- Raw data:
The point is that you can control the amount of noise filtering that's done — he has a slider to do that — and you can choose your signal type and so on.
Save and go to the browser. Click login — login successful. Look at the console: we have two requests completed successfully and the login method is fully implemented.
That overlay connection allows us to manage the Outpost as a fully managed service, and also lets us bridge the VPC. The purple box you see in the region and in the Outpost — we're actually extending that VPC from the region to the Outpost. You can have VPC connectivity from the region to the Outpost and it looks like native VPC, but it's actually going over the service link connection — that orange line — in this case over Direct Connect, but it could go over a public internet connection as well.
---
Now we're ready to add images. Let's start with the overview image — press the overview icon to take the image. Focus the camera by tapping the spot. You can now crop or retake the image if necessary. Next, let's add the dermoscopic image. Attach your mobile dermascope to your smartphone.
...
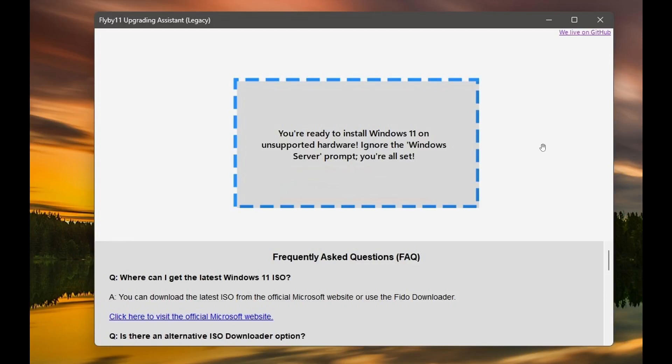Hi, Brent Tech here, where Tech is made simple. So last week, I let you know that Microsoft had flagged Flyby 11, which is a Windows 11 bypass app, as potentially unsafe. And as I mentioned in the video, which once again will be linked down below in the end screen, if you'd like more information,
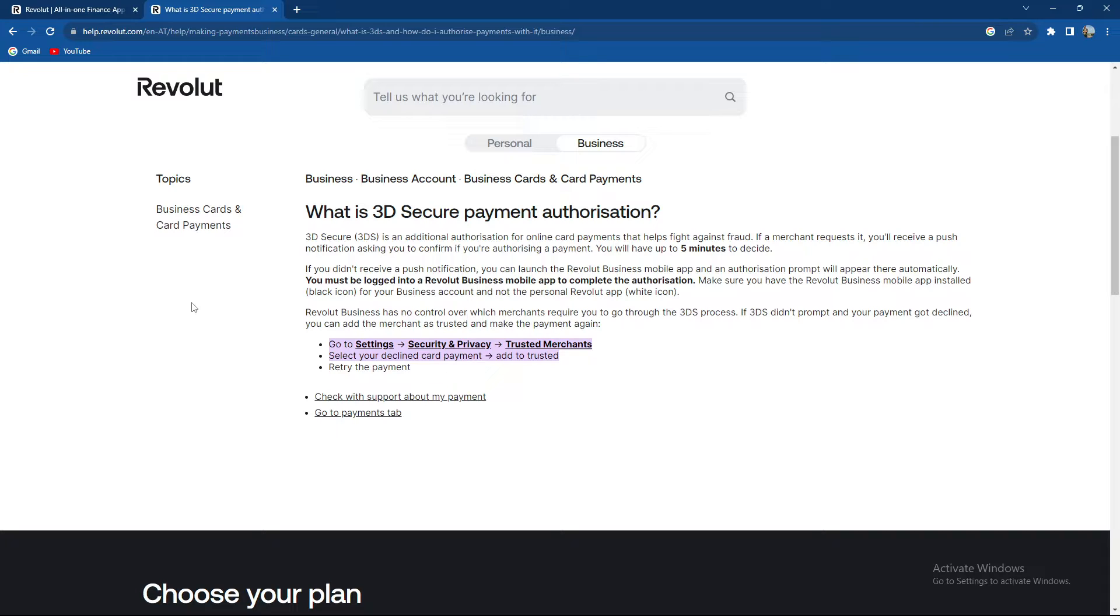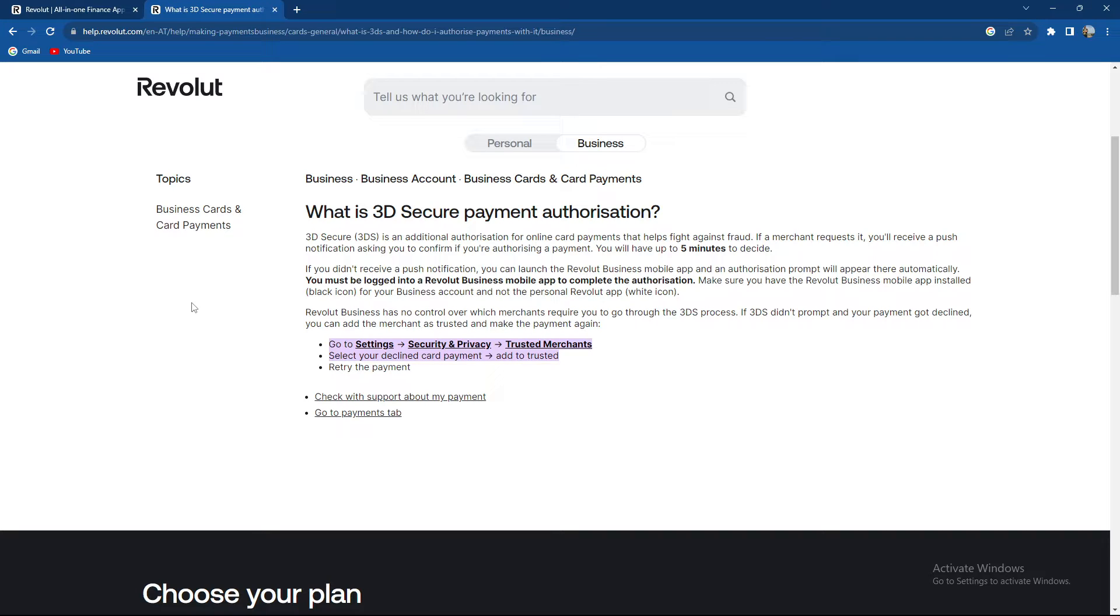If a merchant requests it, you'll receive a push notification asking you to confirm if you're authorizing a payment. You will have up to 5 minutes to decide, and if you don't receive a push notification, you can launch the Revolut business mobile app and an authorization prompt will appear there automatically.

- Directions for this task: Once the line with "The point is" is found in the records above, print exactly that line and every line after it through the line with "That overlay connection".

- Output for this exercise:
The point is that you can control the amount of noise filtering that's done — he has a slider to do that — and you can choose your signal type and so on.
Save and go to the browser. Click login — login successful. Look at the console: we have two requests completed successfully and the login method is fully implemented.
That overlay connection allows us to manage the Outpost as a fully managed service, and also lets us bridge the VPC. The purple box you see in the region and in the Outpost — we're actually extending that VPC from the region to the Outpost. You can have VPC connectivity from the region to the Outpost and it looks like native VPC, but it's actually going over the service link connection — that orange line — in this case over Direct Connect, but it could go over a public internet connection as well.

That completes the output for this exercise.